Lawsuit claims RM acted appropriately

The lawsuit filed recently by Margaret O'Connor, RN, the risk manager at Jordan Hospital in Plymouth, MA, until she was fired recently after reporting an EMTALA violation, outlines what she says was an act of retaliation by hospital leaders.

After her dismissal, O'Connor sued the hospital, the board of directors, President and CEO Peter Holden, Vice President of Organizational Development William Kirkwood, and Head of Clinical Reliability Harvey Kowaloff, MD. Healthcare Risk Management obtained a copy of the complaint filed against the hospital, and this is how she describes the events that she says led to her firing:

• About 8 a.m. on March 26, 2010, a patient came to the emergency department. She was six months pregnant with twins, diabetic, and considered a high-risk pregnancy. She complained of abdominal pain and nausea. A nurse practitioner diagnosed a "stomach bug" and ordered intravenous fluids but no further testing, observation, treatment, or diagnosis. The patient actually was in active labor.

• After two hours, during which the patient continually complained of abdominal pain, the nurse practitioner determined that the patient was in labor. At this time, the patient asked to be transferred to South Shore Hospital in Weymouth, MA. She was transferred at 10:20 a.m. without approval from an attending physician. No physician had determined she was in stable condition and safe to transfer.

• The leg of one her twins was protruding into the patient's vagina when she arrived at South Shore. Both premature babies were delivered by emergency caesarian section. The mother suffered a partial abruption of the placenta. The second child experienced significant complications, including ingestion of blood into the lungs, and required intubation and a respirator.

• Two days later, O'Connor received a phone call from the South Shore risk manager, who said she was very concerned with the transfer. She said "Do you people have doctors over there? I hope this isn't an EMTALA violation." O'Connor had no knowledge of the incident at that point, but she told her South Shore counterpart that she would investigate and get back to her.

• O'Connor investigated the incident and determined that the transfer violated EMTALA. She reported the violation to senior management.

• O'Connor consulted Jordan Hospital's legal counsel, who advised her to self-report the violation as mandated by the CMS Conditions of Participation. Counsel also advised that it would be better to report the violation before South Shore reported it.

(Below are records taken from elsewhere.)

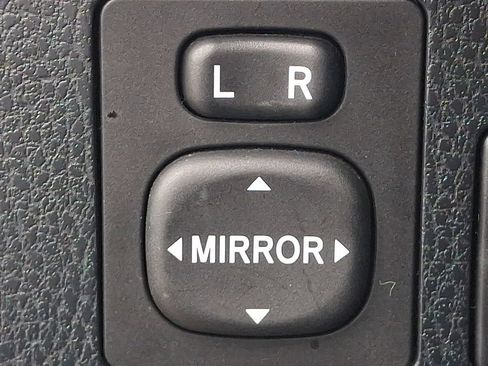 Used 2017 Toyota RAV4 Limited AWD/4WD image 24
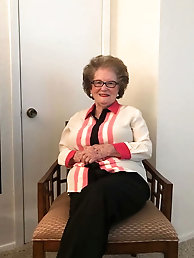 Older grandma is posing seminaked for money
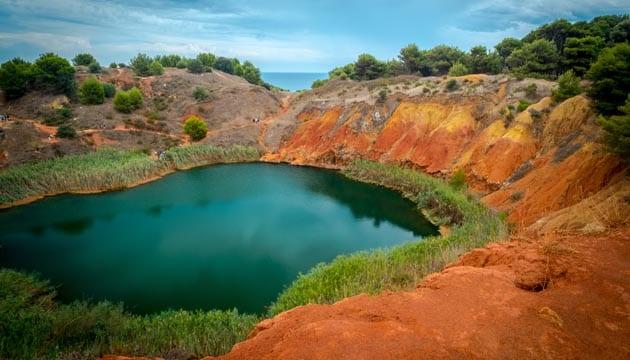 Wie man zur Cava di bauxite gelangt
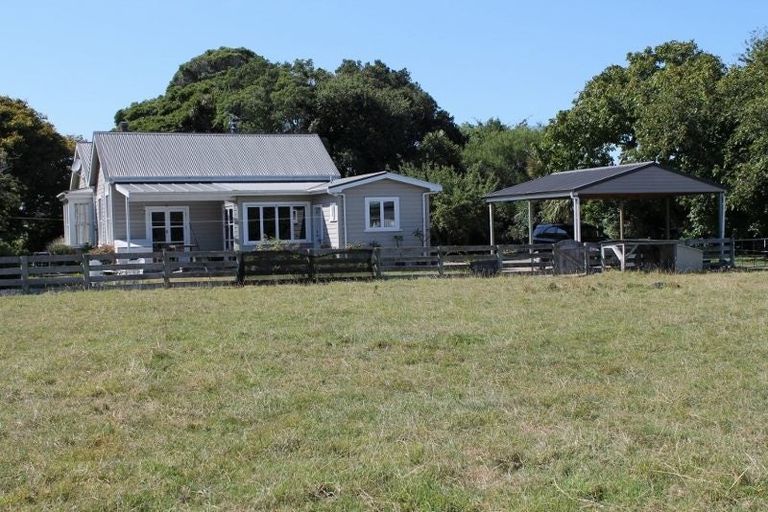 Photo of property in 23 Pinfold Road, Woodville, 4920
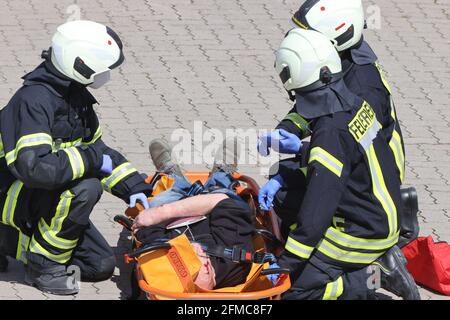 Weimar, Germania. 8 maggio 2021. Le forze di emergenza si prendono cura di una "persona lesa" durante un esercizio di controllo delle catastrofi. Oltre agli agenti di polizia, al servizio di soccorso e al reparto vigili del fuoco, è stato dispiegato l'intero plotone medico e di supporto della città di Weimar. Una situazione di amok in un allenatore è stata assunta. Credit: Bodo Schackow/dpa-Zentralbild/ZB/dpa/Alamy Live News Foto Stock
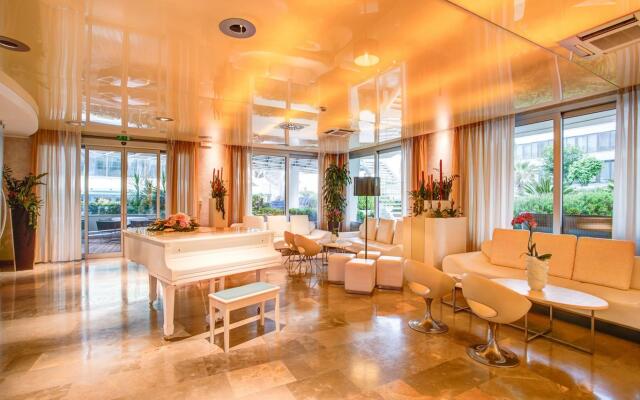 Hotel Premier & Suites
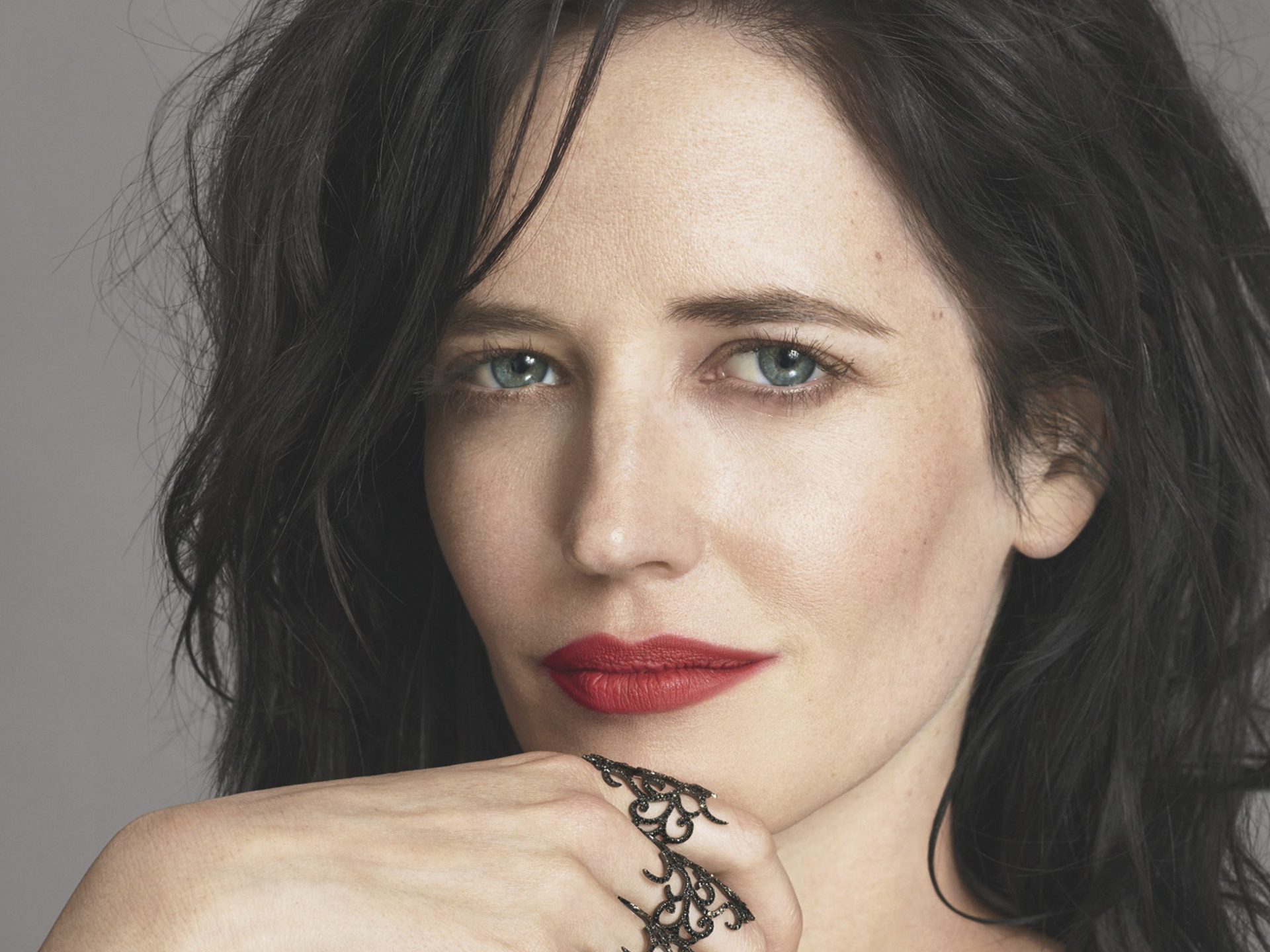 Eva Green as wallpaper, Striking visual, Captivating beauty, Enigmatic charm, 1920x1440 HD Desktop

• She met with Kowaloff, Holden, and Deborah Sullivan, senior director of clinical reliability and patient safety officer. O'Connor discussed the incident, why it was reportable, and the potential penalties. During the meeting, Kowaloff went on the Internet and determined that the hospital would face a $50,000 fine. Holden, the president and CEO, told O'Connor that he was "not telling you not to report it, but let's make sure we need to."

• O'Connor explained that the hospital was required by law to report the violation, and the hospital attorney advised reporting it. She also explained that the hospital would be at greater risk if South Shore reported it first.

• O'Connor then solicited help from the hospital attorney to summarize the events and complete the report. She then met with Sullivan and Kowaloff to complete the action plan and obtain senior management's approval before making the report. Then O'Connor contacted the South Shore risk manager to advise that Jordan Hospital was self-reporting.

• O'Connor submitted the report to CMS. Three days later, Jordan Hospital was visited by the Department of Public Health, which investigates EMTALA violations on behalf of CMS. The department's five-day investigation found multiple violations in obstetrics and the emergency department. The investigators concluded that there had been as many as four prior EMTALA violations, in addition to the one reported. The potential penalty would be $250,000.

• The report also outlined major deficiencies in education of staff regarding EMTALA, hospital policies not in place or not followed, signage not available, and failure to educate patients about the risks of transfers. O'Connor began working on remedies to the problems cited.

• CMS informed Jordan Hospital that the EMTALA violation required the hospital to complete a validation survey from CMS, which senior management knew would be intensive and likely to result in more citations and penalties.

• Before that survey began, a department director asked O'Connor why she had to report the violation when the mother and twins were doing well. O'Connor informed senior management that she planned to also inform the patient of the violation after the CMS validation survey was complete.

• On May 19, 2010, 12 CMS investigators arrived to conduct the validation survey. The same day, shortly after their arrival, O'Connor was called to a meeting with Kirkwood and Kowaloff, where she was fired. Kowaloff told her the reason was "regulatory."

Editor's note: Healthcare Risk Management summarizes here the points made in a risk manager's case against her former employer, Jordan Hospital, which vehemently denies that her firing earlier this year was related to whistleblowing. However, we provide this information to offer one person's view into the inner workings of hospitals.